TASK INSTRUCTIONS -> In your reply, reproduce the lines from the first one below to the line containing "Glassplitter auf der", inclusive, exactly as they stand.

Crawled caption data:
☆ ☆ ☆ ☆ ☆

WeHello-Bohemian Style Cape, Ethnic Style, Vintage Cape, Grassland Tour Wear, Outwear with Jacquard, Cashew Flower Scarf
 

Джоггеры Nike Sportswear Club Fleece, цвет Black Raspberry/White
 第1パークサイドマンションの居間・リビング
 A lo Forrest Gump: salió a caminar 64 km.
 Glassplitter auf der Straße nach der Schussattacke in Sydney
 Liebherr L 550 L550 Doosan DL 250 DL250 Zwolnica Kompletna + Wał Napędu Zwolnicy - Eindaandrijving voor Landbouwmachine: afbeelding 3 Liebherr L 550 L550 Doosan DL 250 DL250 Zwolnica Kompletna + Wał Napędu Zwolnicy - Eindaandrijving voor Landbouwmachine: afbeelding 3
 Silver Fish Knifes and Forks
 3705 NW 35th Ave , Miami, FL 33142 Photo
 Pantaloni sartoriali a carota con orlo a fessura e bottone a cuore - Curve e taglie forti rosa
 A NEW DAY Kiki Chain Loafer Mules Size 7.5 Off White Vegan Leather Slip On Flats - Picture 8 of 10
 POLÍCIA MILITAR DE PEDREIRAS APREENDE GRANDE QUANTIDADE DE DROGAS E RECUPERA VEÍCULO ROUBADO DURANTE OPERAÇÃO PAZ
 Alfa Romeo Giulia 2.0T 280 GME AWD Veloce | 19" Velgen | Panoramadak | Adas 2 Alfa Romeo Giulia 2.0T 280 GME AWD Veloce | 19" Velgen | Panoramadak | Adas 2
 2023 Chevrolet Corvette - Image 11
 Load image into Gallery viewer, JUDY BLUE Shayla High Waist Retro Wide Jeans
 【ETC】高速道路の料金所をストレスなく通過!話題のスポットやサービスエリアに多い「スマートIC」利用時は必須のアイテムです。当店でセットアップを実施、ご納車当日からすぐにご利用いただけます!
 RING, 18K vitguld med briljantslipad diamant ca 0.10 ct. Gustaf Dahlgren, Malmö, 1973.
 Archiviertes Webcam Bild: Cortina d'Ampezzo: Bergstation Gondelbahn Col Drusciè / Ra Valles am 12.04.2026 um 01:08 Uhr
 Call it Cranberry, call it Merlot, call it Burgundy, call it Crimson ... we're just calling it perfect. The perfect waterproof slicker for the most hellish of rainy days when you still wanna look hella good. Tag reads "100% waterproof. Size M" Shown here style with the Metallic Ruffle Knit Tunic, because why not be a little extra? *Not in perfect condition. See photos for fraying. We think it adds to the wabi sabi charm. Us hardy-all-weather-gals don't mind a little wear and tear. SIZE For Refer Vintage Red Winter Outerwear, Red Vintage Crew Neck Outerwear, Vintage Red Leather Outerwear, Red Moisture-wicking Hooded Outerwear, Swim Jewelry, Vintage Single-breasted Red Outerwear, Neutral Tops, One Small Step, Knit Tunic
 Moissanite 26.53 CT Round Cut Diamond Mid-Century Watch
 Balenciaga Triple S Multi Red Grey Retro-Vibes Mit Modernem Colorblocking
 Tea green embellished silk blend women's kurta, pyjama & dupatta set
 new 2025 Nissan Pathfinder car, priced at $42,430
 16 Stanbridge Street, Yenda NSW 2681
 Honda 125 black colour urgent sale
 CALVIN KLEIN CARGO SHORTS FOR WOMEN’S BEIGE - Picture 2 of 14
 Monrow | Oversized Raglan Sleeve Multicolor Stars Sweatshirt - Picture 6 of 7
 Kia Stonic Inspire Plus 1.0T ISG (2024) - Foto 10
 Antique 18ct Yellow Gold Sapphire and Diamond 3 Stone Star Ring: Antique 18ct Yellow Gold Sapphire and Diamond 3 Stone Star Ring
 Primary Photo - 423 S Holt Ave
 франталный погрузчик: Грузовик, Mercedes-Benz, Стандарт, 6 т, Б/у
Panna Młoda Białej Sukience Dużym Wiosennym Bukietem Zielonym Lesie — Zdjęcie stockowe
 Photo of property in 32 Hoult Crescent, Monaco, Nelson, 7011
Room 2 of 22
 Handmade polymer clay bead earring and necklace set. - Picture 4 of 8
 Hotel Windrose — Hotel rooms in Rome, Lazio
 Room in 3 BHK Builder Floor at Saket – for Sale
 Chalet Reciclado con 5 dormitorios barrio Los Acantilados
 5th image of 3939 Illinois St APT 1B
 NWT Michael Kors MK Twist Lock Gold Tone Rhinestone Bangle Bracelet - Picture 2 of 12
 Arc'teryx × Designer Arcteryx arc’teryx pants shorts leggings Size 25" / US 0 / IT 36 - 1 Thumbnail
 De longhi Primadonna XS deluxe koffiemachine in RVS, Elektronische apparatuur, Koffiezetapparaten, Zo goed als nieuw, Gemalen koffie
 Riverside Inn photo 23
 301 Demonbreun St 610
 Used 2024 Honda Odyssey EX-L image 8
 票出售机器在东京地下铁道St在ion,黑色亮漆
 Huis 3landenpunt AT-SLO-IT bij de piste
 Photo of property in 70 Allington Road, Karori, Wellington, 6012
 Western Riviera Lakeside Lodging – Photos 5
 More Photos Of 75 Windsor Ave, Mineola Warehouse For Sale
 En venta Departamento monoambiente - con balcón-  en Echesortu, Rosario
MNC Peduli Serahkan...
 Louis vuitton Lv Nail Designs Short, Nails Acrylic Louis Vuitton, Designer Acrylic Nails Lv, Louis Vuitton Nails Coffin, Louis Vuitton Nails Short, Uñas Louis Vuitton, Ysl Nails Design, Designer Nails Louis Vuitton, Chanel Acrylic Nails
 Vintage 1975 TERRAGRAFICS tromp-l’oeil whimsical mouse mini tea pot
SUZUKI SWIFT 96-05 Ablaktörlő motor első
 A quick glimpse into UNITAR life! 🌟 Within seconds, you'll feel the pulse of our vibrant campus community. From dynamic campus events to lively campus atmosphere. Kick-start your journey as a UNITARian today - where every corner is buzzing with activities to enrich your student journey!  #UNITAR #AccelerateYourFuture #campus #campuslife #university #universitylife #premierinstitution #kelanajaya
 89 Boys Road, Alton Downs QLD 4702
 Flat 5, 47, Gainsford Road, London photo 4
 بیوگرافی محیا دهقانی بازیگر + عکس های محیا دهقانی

☆ ☆ ☆ ☆ ☆

OUTPUT OF THE TASK ->
WeHello-Bohemian Style Cape, Ethnic Style, Vintage Cape, Grassland Tour Wear, Outwear with Jacquard, Cashew Flower Scarf
 

Джоггеры Nike Sportswear Club Fleece, цвет Black Raspberry/White
 第1パークサイドマンションの居間・リビング
 A lo Forrest Gump: salió a caminar 64 km.
 Glassplitter auf der Straße nach der Schussattacke in Sydney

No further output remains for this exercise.